Cohortes endeuillées
nous allons -
martèlement d’affliction.
Aux yeux du monde
cortèges funéraires
qui viennent
procession sur procession.
Fusillés calcinés
noyés dans la chaux
cendres dispersées et labourées
en lentes processions
inondent le monde.
Nous sommes les souvenants
qui refusons l’oubli
escortes de millions de morts.
Un enterrement sans fin
sans fin.
Nous n’avons pas de rituel secret.
Toutes les souffrances sont révélées.
Si quelqu’un te demande
dis-lui et raconte :
nous sommes une secte
une secte de deuil.
Nous n’avons pas fini de pleurer les morts
pour penser à sanctifier la vie.
Nous croyons :
quand sera tarie la dernière larme
le dernier cri
alors seulement viendra la première nuit
et viendra le jour -
le premier jour.
Traduction Rachel Ertel
Ici je ne suis jamais venu
J’ai toujours cru
qu’ici j’étais déjà venu.
Chaque année de ma vie élimée
j’ai réchauffé des parcelles
de mondes évanouis.
Je reconnaissais le souvenir de visages et de sourires
et même père et mère n’étaient pour moi
que fresques nostalgiques d’antan.
Je foulais les vieilles sentes cruelles
et entre les rives de l’histoire
je louvoyais.
J’ai toujours cherché les merveilles
que recelait la mémoire
et la clameur du passé
venait timidement éclater en bulles
dans le présent
J’ai cru
qu’ici jadis j’étais déjà venu.
Mais les dernières années-lambeaux
avec leurs morts dénaturées
sont mes propres jours et nuits -
destinée bossue
que ma vie a ourdie pièce à pièce.
Pensée figée
champs calcinés
mappemondes constellées de cimetières
silence-épouvante
signes de joies maléfiques -
réminiscence de nulle part.
Cela je ne l’ai jamais vu.
Ici je ne suis jamais venu.
Sois à jamais muet monde mort
nourri du silence de ta dévastation.
Déjà éclosent tes parures fanées
tes fondements se construisent
sur le sang répandu.
Les morts pleurent dans les minuits
en ruissellement de voix
en flammèche vacillante
sur chaque tombe une prière
chacun pour-soi seul :
je suis moi
pleurent dans la nuit
les exterminés par milliers.
Je suis le mort sans souvenance
mon sang est sans rachat.
Tombes semées à l’infini
jamais je n’ai vu une telle moisson.
Mes jours et mes nuits pleurent les noms.
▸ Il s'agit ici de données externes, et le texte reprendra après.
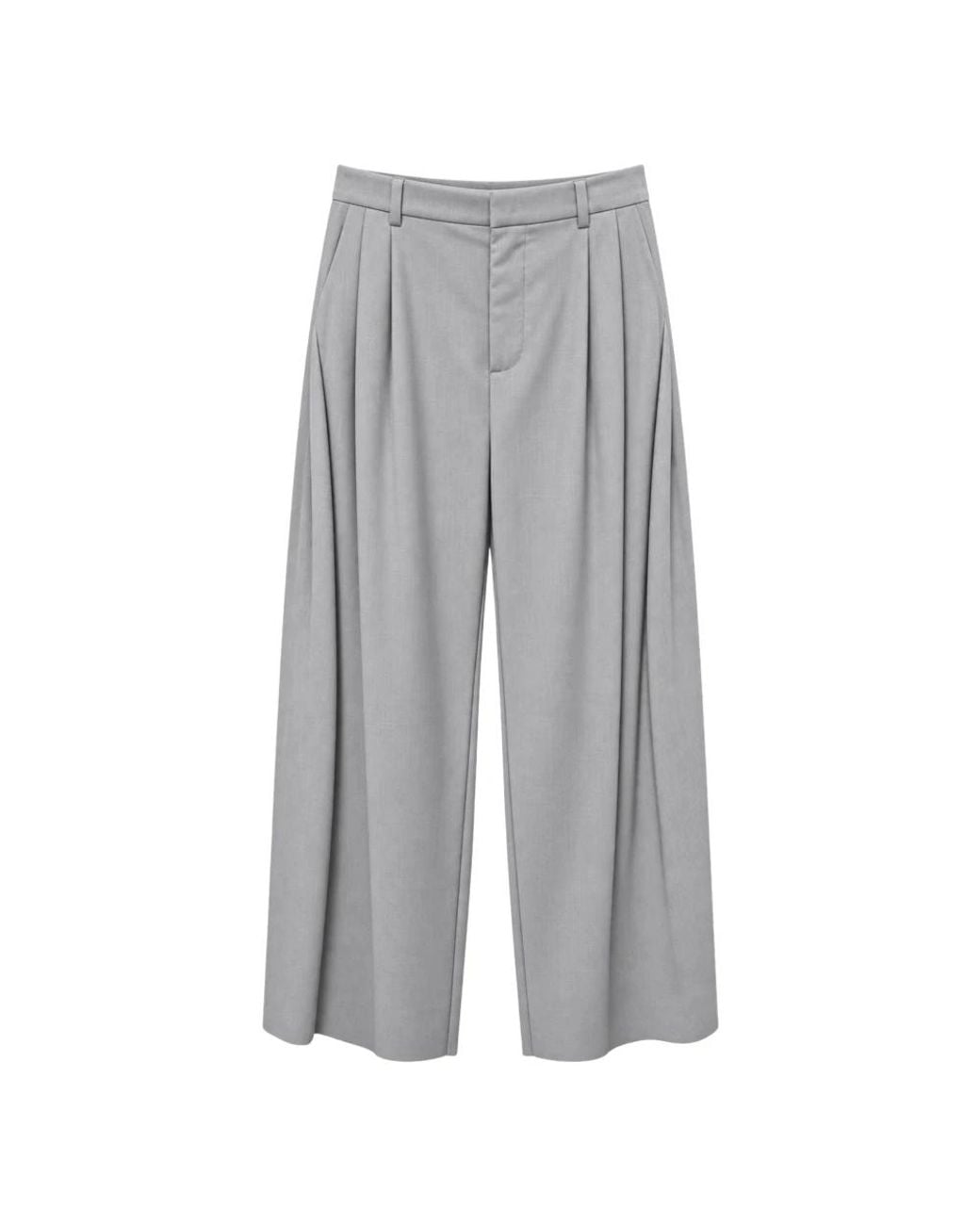MEIMEIJ Gray Wide Trousers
Ici je ne suis jamais venu.
Traduction Rachel Ertel
BONNE NUIT, MONDE.
Bonne nuit, vaste monde,
Monde géant, monde puant,
Ce n’est pas toi c’est moi qui fais claquer la porte.
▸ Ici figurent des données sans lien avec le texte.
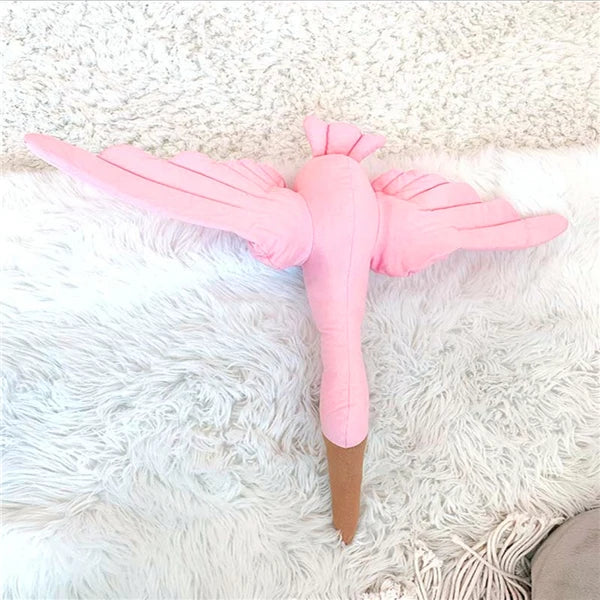 Plush Swan Wall Hanging Mobile Soothing Pillow Nursery Decor Fall 2025 Boho Kids Room Calming Accent - Image 9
Avec la longue houppelande,
Avec l’étoile jaune en feu
Avec mon pas orgueilleux,
A mon propre commandement
Je retourne dans le ghetto,
J’efface et foule toutes les traces d’apostasie,
Louange ! Louange ! Louange !
Vie juive bossue,
Monde, j’abjure
Ta culture d’impureté
Et bien que tout soit dévasté
Je cherche la poussière en ta poussière
Vie juive désolée.
Allemand porcin, Polak exécrable,
Vieux pays voleur de beuverie et de mangeaille,
Loqueteuse démocratie avec tes froides
Compresses de sympathie !
Bonne nuit, monde insolent, monde électrique,
Je retourne à ma lampe, à la cire des ombres.
Octobre éternel, étoiles malingres,
A mes rues tordues, mes lanternes bossues.
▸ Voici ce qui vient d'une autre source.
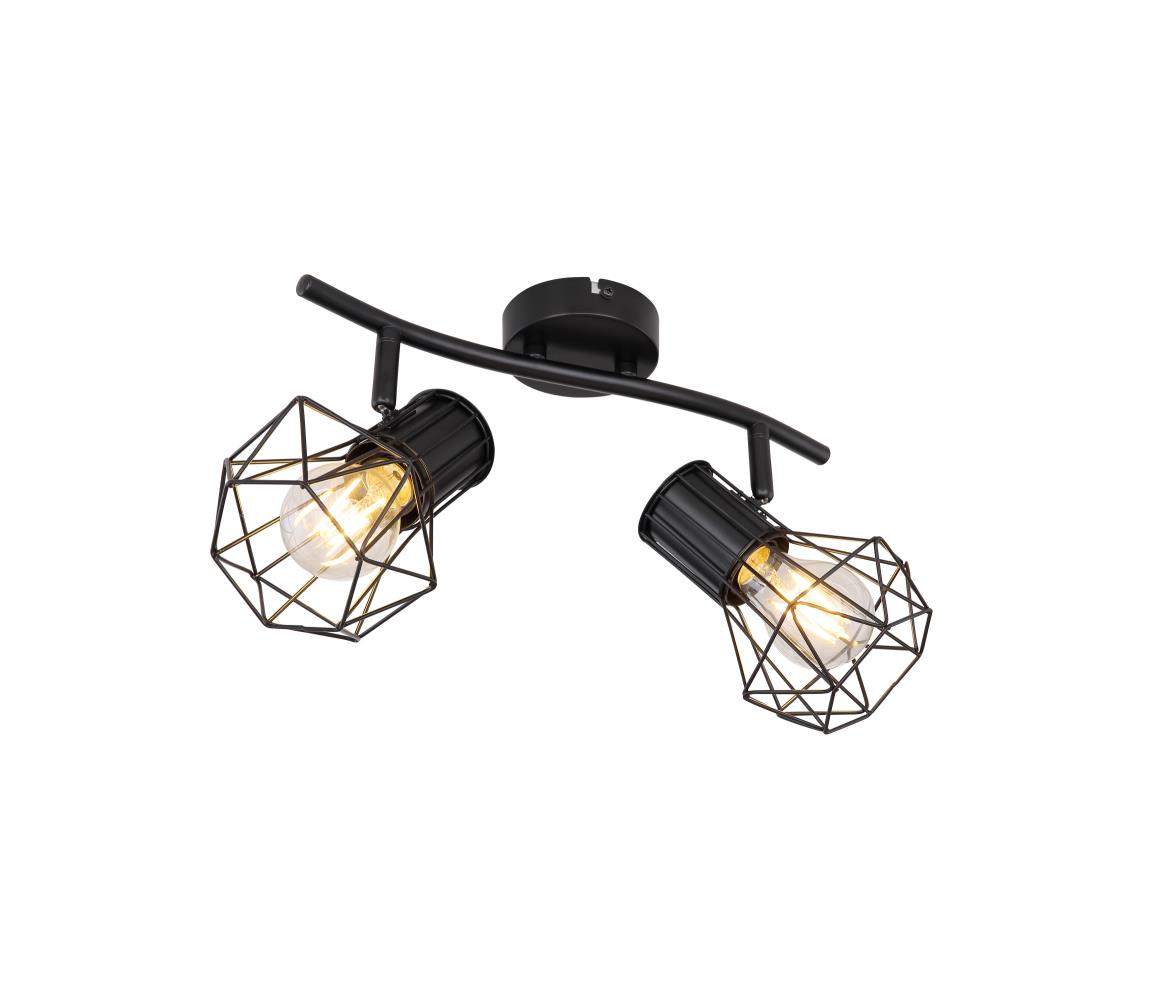 Globo 2 - Bodové svietidlo PRISKA 2xE27/40W/230V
Mes parchemins usés, mes saints grimoires,
Mes Halakhas, mes sévères
Principes, vers les lumineux florilèges hébreux,
Vers la Loi, le Devoir, le sens profond de la justice,
Monde, je marche allègrement
Vers la lumière silencieuse du ghetto.
Bonne nuit, monde, je te fais don
De tous mes libérateurs,
Prends tous les Jésus-Marx, étrangle-toi
Dans leur vaillance,
Crève pour une goutte de notre sang d’apostat,
Car j’ai l’espoir que même si elle dure
De jour en jour s’élève notre attente.
Des feuilles vertes, sur notre arbre rabougri
Murmureront encore.
Il ne me faut nul réconfort,
Je retourne à mes quatre coins,
Et de Wagner, de la musique des idoles,
Au bruissement de mes anciennes mélodies,
Je t’embrasse, vie juive échevelée
Et laisse-moi pleurer la joie de revenir.
(Le miroir d’un peuple Traduction de Charles Dobzynski)
De toi à toi
Pendant des heures sur un pont silence, ils marchaient-
Il l’avait croisé-
Seule cette immobilité rend plus clair son visage,
Combien de temps regarda-t-il au fond de ses yeux,
faisant émerger les moments de silence
De millions de mots très lourds ?
Fasse que les années passées s’amoncellent sur ta tête grise et sur la mienne.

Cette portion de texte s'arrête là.